Uganda recently signed a Memorandum of Understanding with the Russian State Atomic Energy Corporation (ROSATOM) to peacefully use nuclear energy. The agreement was signed by state minister Simon D’Ujanga on behalf of Uganda and Nikolai Spasskiy the deputy director general of ROSATOM. ROSATOM already runs Uranium extraction and production, nuclear power generation, nuclear fuel, nuclear weapons and nuclear safety activities in Russia and other parts of the world. The company also claims to be Russia’s largest electricity generating company producing 196.37 kilowatt-hour of electricity in 2016, or 18.3 percent of the country’s total generation of electricity. This agreement came after Uganda’s ministry of energy team led by Undersecretary Prisca Boonabantu travelled to China at the invitation of Zhonguan Engineering Corporation (CZEC), a subsidiary of China National Nuclear Corporation (CNNC), as part of the ongoing discussions with Beijing to help Kampala develop peaceful nuclear at about $3 billion.
Uranium is a naturally occurring radioactive element that is very hard and heavy and is classified as a metal. It is all over the planet, and makes up about 2 to 4 parts per million of most rocks. This makes it about as common as tin in the Earth's crust, and about 40 times more common than silver. Uganda has about 52,000 square kilometers of uranium prospects. This includes 18,000 sq.km in the Buganda-Toro region; 12,000 sq.km in the Karagwe-Ankole region; 5,000 sq.km between Lake Albert and Lake Kyoga; 5,000 sq.km around Lake Edward; sq.km on the Buhweju plateau and 12,000 sq.km in Lake Albert.

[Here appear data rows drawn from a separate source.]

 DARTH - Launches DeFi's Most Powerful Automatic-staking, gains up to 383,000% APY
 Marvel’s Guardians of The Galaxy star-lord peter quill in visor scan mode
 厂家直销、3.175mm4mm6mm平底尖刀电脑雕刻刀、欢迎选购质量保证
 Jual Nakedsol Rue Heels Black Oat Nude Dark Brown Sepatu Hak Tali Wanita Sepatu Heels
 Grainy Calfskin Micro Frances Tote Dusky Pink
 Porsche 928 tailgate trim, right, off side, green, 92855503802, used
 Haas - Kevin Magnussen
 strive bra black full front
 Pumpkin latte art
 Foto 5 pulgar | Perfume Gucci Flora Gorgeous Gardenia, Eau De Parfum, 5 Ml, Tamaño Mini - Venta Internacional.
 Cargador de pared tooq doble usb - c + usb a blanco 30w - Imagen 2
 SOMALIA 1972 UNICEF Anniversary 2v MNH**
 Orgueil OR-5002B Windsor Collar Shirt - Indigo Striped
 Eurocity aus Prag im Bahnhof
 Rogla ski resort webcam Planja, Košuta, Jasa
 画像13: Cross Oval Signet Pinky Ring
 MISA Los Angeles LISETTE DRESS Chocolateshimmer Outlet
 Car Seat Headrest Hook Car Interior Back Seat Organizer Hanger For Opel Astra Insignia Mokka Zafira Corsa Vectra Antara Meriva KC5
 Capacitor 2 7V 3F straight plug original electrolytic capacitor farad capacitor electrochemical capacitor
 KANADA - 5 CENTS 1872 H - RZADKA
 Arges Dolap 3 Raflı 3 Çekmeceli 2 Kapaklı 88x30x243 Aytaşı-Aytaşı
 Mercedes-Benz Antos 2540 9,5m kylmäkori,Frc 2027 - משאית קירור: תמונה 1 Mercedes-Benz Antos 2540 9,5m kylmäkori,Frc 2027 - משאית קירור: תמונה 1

Uranium minerals in Uganda include euxenite, microlite, betafite, kasolite, torbenite and uranosphaerite. These minerals occur in different geological environments namely:
i. Pegmatite sand granites in eastern and western regions, Buganda and Karamoja.
ii. Sandstone in the Rift Valley and Buhweju plateau.
iii. Unconformities in the metasediments of Buganda-Toro System, Karagwe-Ankolean System, Kyoga Series and Singo-Mityana Series
iv. Springs along Rift Valley margins and
v. Volcanic tuffs in Fort Portal area
Lately, debates have raged over nuclear energy, which begs the question: Is nuclear energy the perfect formula that will finally satisfy the needs of the Uganda’s electricity or will it end up to be the malevolent power that devastates the country?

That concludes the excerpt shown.